# Can sound be faster than 300m/s?

If you sit in a car and it's driving $300{m \over s}$ and you clap your hands for a very very short sound, will it's wave be $600{m \over s}$ fast, because it adds the speed of the car? Or will it be $300{m \over s}$ because it is just the point of origin that matters and from that point it travels away?

If the answer of the title question would be yes, that would also mean that light can also travel faster than speed of light, right? (I assume sound and lightwaves can be compared as both contains electeomagnetic waves)

• No, the velocities are not additive. See sonic boom – lemon Jan 25 '18 at 20:04
• Is your question about sound or about light? Sound waves are fundamentally different from EM waves/light. The similar mathematics doesn't mean they are physically similar. And pure sound is not electromagnetic. – Bill N Jan 25 '18 at 20:04
• Sound waves are like what most physicists/philosophers thought light was, before Einstein & Co. Sound must move in a medium, similar to the "aether" that was once hypothesized for light. But light is different, and does not require an "aether" to propagate. – Hot Licks Jan 25 '18 at 20:33
• This example explains why physicists considered the aether to be a stationary medium through which light propagated. It turned out this mechanical model didn't wor and the aether concept was replaced by the field. – Mozibur Ullah Jan 25 '18 at 21:15
• @BillN, they are more similar in behaviour than you might think. For example, sound waves exhibit time dilation when the air moves around stationary objects. – Steve Jan 25 '18 at 22:11

The speed of sound of 340 m/s is measured with respect to air. So here we can mention two cases:

1. If you are inside a car that is moving at 340 m/s in the highway and the windows are closed (so that the air inside the car is also moving at that speed), the sound of your clap will move at 680 mm/s with respect to the ground. This is because it moves at 340 m/s with respect to the air inside the car.

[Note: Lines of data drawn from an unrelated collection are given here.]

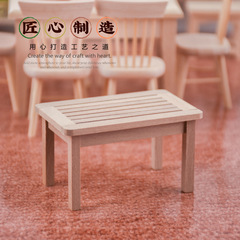 1/12 Scale Dollhouse Furniture Mini Coffee Table and Desk Set, Wooden Miniature Props and Wooden Model Decor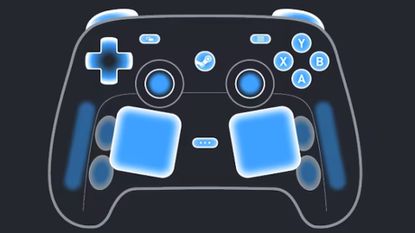 Steam Controller with blue frame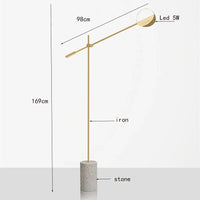 Lampadaire LED Vintage Nordique en Fer Forgé et Marbre - Luminance Scandinave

2. Imagine the same situation but with a car that has no roof nor windows. Then you, inside the car, will find that the air moves at 340 m/s backwards. If you clap in this situation the sound waves will move at 340 m/s in the air, but because this air moves at 340 m/s backwards you will see that the sound waves do not move at all.

The second case is exactly what happens in this picture: When the supersonic aircraft is moving exactly at (or very near) the speed of sound (both with respect to the air), the waves travel at the same speed and they accumulate to form that peculiar cone.

In the case of light the case is different because light speed is 300000 km/s with respect to space itself. And you cannot move with respect to space, you move in space with respect to other things. Motion is relative. So the speed of light is the same for everyone independent of the speed of the observer (or the source).

• Worth noting that the air will only move 680 m/s if you ignore relativistic effects. Realistically, relative to the ground frame it will be moving a little slower than 680 m/s if you account for relativity. This might help OP wrap his head around why this fails when you try to apply it to light speed. – JMac Jan 25 '18 at 20:32
• @JMac Thanks for the note, apart from your interesting fact I realized (with the help of the answer below, above and your comment) that sound and light is very different. – Emanuel Graf Jan 25 '18 at 20:36
• The speed of light is not the same for everyone independent of their speed - it is the same locally for everyone (relative to their local clock). That's a subtle difference. – Steve Jan 25 '18 at 22:22
• Wrong, on many counts. The sound waves in the car do move. postulating a car with no doors or windows is equivalent to just moving a sound generator (like a speaker) through the air at the same speed. Sounds waves generated will move backwards through the air mass at exactly 340 m/s, although since the speaker is moving forwards at 340m/s, the speed of these backwards sound waves will be 680 m/s relative to the speaker. Sound waves moving forwards will also move through the air mass at 340m/s, but as the speaker is also moving forward at the same speed the relative speed will be zero. – Charles Bretana Jan 25 '18 at 23:20
• The speed of Light is different. It will be measured at exactly the same speed (186,000 miles/sec) no matter how fast or slow the emitter, or the observer is traveling, with respect to each other or to any frame of reference. – Charles Bretana Jan 25 '18 at 23:20

To answer the second question: sound waves are not electromagnetic waves, they're pressure waves.